Darn! And I though that the Cayenne Diesel was the best car Porsche currently makes. Apparently I was wrong, they can still hold their own when it comes to gasoline-powered cars also. Or so it is apparent after driving this little red Cayman S.
First thing when seeing it I said to myself: "Hot damn, check out the sexy back on that one! Ya know I'm not talkin' hooey!". Then I proceeded to knock the rear hood, hoping to find out how much horses this baby has underneath that nice red booty. Well, for the first time in my life, the knocking brought no information. Not a single thing!
You can imagine the fact that I was furiously angry about it, this had never happened to me! Whenever I would knock on the hood of a car I would instantly know what type of engine it has, how much power it delivers and all kinds of technical stuff. This time I received no feedback whatsoever!
The plot thickened after I opened both hoods and realized that the engine was never to be seen! With a candid camera face I was then instructed about the fact that the Porsche Cayman has the engine positioned right in the middle of the car, behind the seats. I gotta admit, it had me fooled for a minute or so, and that only happens to me when I drink too much moonshine from my colored neighbor Jethro.

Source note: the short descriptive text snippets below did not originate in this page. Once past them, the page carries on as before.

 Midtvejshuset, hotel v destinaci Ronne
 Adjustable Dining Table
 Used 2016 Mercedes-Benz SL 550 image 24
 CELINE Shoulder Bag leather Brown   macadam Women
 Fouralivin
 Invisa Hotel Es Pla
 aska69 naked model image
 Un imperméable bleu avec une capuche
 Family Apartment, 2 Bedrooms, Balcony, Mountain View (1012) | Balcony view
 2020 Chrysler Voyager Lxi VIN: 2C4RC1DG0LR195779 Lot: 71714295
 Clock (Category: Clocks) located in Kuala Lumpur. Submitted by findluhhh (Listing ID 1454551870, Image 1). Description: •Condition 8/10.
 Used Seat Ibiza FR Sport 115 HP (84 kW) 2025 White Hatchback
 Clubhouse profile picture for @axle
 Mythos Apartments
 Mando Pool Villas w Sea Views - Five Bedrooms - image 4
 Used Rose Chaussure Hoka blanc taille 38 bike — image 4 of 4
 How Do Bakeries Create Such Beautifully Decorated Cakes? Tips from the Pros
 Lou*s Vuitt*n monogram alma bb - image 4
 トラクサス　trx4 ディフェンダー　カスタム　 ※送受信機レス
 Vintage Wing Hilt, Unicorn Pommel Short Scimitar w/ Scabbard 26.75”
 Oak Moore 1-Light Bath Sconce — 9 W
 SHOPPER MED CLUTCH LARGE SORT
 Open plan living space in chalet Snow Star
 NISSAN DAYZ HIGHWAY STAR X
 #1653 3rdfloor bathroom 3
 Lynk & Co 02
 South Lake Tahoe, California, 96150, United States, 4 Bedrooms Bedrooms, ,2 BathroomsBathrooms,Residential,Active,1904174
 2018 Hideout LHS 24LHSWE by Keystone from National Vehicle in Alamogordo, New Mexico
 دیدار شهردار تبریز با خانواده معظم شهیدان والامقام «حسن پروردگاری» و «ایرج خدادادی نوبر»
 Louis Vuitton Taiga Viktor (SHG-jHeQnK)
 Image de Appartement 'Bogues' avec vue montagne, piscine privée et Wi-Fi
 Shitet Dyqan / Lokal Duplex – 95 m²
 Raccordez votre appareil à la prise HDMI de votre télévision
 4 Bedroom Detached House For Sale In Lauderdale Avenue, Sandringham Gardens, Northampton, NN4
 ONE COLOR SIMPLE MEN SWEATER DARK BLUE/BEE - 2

All in all, this is a pretty well-made car, it goes fairly fast and it looks like a million. The only problem that I can find with it is that fact that I have no roads to drive it on here in the wilderness. In conclusion, the only Porsche I would buy if I won the lottery would probably be the Cayenne, at least with that I wouldn't have to worry about scraping the undercarriage at every bump on the road.